NI is also a structurally different heating market: most homes heat with oil rather than mains gas. A heat pump still replaces expensive delivered fuel, and the UK-wide 0% VAT (below) still applies, so the economics can work, but they work without a purchase grant. We would rather say that plainly than imply support that does not exist.

0% VAT Until 31 March 2027 (UK-Wide)

The quiet incentive everyone forgets: residential heat pump, solar and battery installations carry 0% VAT until 31 March 2027, after which the rate moves to 5%. It applies UK-wide, including Northern Ireland, and it is automatic: there is no application, the zero rate is simply built into your quote.

On typical heat pump projects this is worth £1,000-3,000 compared with standard-rate VAT, and it stacks with the BUS or HES support. It is also a genuine deadline, unlike most sales urgency: the same installation quoted after 31 March 2027 carries 5% VAT.

When comparing quotes, every figure you see should already be VAT-inclusive at the correct rate. A quote that adds VAT later, or is vague about it, is not comparable with one that does not.

Low-Income and Fuel Poverty Schemes

Separate from the heat pump grants, ECO4 and Warm Homes support exists for qualifying low-income households, covering insulation and heating measures. Eligibility is means-tested and the details change; see GOV.UK for the current schemes.

What Does NOT Exist (Spot the Sales Pitch)

Just as useful as the real list is the not-real list. As at June 2026, the following do not exist in the UK:

  • No solar panel purchase grant. Solar gets 0% VAT until 31 March 2027 and Smart Export Guarantee payments for what you export (see our SEG guide), but nobody hands you money toward the panels.
  • No home battery purchase grant. Same position: 0% VAT, no grant.
  • No EV purchase grant. The plug-in car grant for private buyers ended in 2022. EVs also pay standard-rate VED (around £195 a year) since April 2025. The big EV lever is salary sacrifice through your employer.
  • No "government heat pump scheme" cold-callers. The BUS flows through MCS-certified installers and their quotes. Anyone phoning to "register you for the government scheme" for a fee is selling you your own grant.

If a quote shows a discount, it should be one of: the BUS or HES grant (named, with the amount), the 0% VAT rate, or the installer's own commercial pricing.

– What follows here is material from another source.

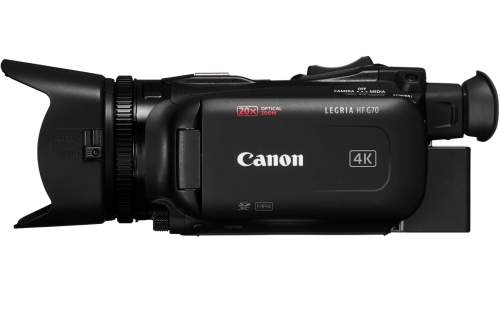CANON - LEGRIA HF G70 - Caméscope CMOS 1/2,3 - Zoom Optique 20x 4K 50p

Anything else deserves questions.

Common Mistakes to Avoid

  1. Using a non-MCS installer and losing the grant. MCS certification is a BUS requirement. Confirm it before anything else.
  2. Comparing pre-grant and post-grant quotes against each other. Always compare what you actually pay, for the same scope (cylinder, radiators, survey).
  3. Missing the oil/LPG window. Oil-heated homes signing just before 21 July 2026 leave £1,500 on the table; the uplift is expected to end around March 2027.
  4. Treating the 31 March 2027 VAT date as flexible. The 0% rate has a hard end date as legislated today.
  5. Assuming Northern Ireland gets the BUS. It does not.
  6. Taking one quote. Post-grant prices for the same class of system vary by thousands. Compare up to 3 quotes before committing.